I was hoping to find tricos on the local streams but when that didn't pan out i opted to take a couple shots on the Ausable. My first try was on the main stream. I wasn't sure what time things would get going so to be safe i made sure i was there by 6am. It turned out to be a good move because by the time i got down to the river things were in full swing. The water was covered with them but oddly enough not to many fish had them dialed in, enough to make it fun but not crazy. I guess the mainstream is just heating up. I really like fishing the tricos. It's mostly smaller fish but did get a nice little brown of about 11 or 12 inches.










Things wound down about 7am. The olives started popping about 9am. I fished that for an hour or two and climbed out of the river.

I decided to hit the North Branch for my second try.










It is truely a beautiful river. I'm not sure why i don't fish it more. Its only about 35 minutes from the cabin to Lovells. I again got there at 6am but with the cooler evening the previous night, the tricos didn't dump till about 9am.

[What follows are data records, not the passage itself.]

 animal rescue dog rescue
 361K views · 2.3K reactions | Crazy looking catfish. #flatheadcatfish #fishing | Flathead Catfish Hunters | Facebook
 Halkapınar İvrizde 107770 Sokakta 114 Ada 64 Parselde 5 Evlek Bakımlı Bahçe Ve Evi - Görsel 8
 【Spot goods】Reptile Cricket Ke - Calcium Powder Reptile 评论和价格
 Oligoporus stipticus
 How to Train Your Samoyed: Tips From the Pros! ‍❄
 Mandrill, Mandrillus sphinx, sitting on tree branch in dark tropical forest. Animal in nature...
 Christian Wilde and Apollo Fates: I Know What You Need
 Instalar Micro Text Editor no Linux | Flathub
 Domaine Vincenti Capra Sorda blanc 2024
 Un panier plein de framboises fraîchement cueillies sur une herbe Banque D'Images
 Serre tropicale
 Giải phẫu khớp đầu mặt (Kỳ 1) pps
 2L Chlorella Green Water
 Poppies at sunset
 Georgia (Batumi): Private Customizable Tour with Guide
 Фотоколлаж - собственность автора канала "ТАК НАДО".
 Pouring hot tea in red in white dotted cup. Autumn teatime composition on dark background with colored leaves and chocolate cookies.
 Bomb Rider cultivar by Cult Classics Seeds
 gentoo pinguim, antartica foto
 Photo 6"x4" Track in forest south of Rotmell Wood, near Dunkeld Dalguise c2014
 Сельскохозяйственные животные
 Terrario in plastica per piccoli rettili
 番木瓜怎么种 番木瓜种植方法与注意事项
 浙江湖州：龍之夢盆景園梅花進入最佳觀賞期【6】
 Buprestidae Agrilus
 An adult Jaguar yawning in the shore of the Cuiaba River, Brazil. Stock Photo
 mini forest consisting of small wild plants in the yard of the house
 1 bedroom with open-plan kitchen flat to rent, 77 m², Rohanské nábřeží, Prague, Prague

The hatch was much more prolific on the North, for about 45 minutes it was crazy.










It was mostly small brookies but with the little 3wt cane rod it was alot of fun. The interesting thing was after it died down where i was, i waded back downstream and it was just getting going near my take out. I re-strung the rod and went after it again for another hour or so, two for the price of one!


----------



## brookid (Aug 25, 2004)

*THE LAKE*

I only fished the lake out front one evening. It has a healthy population of smallmouth. I haven't spent alot of time with the fly rod chasing these fish but i should. They are a riot! So, one evening i grabbed my navigator and we headed out to throw streamers in and around the rafts on the lake.










We didn't have much luck but we didn't get skunked either, managed a couple of smaller ones.









(photos not to good but most if not all the night photos are taken with a disposable...)

*MOUSING*










I think night fishing is certainly an aquired taste, one that i'm slowly warming to. There is so much about flyfishing that is visual, so to me fishing at night kind of cheapens the experience. Having said that, i can't wait to go again!
The unfortunate thing is that this trip i had absolutley no "mouse mojo". I went 3 evenings, two locally and another back on the Ausable. The evenings usually went something like this....
Arrive a couple hours before dark and get warmed up throwing at whatever may be rising...










Then right at dark change things around a bit and start to work the larger fish that have moved out into the feeding lanes...










Then after dark switch over to a mouse and have at it. The only problem with that scenario is the fish didn't cooperate. I got many swipes and splashes but i never hooked a fish. I suppose i may increase my hook ups if i could learn to set the hook on the pull and not the splash. I'm not sure if i'll ever be that calm to pull it off. It scares the **** out of ya, my nuts end up in my throat everytime it happens. 
This section of stream became my nemisis....doesn't look like much but there are some big boys who show up at night.










I had more success (hooking at least) fish by dead drifting or swinging Hex patterns. I hooked some very healthy fish but i never landed one. I got broke off twice and four popped the hook. I suppose it wasn't meant to be (if you buy into that kinda crap) I'll have another shot in August so we'll see what happens.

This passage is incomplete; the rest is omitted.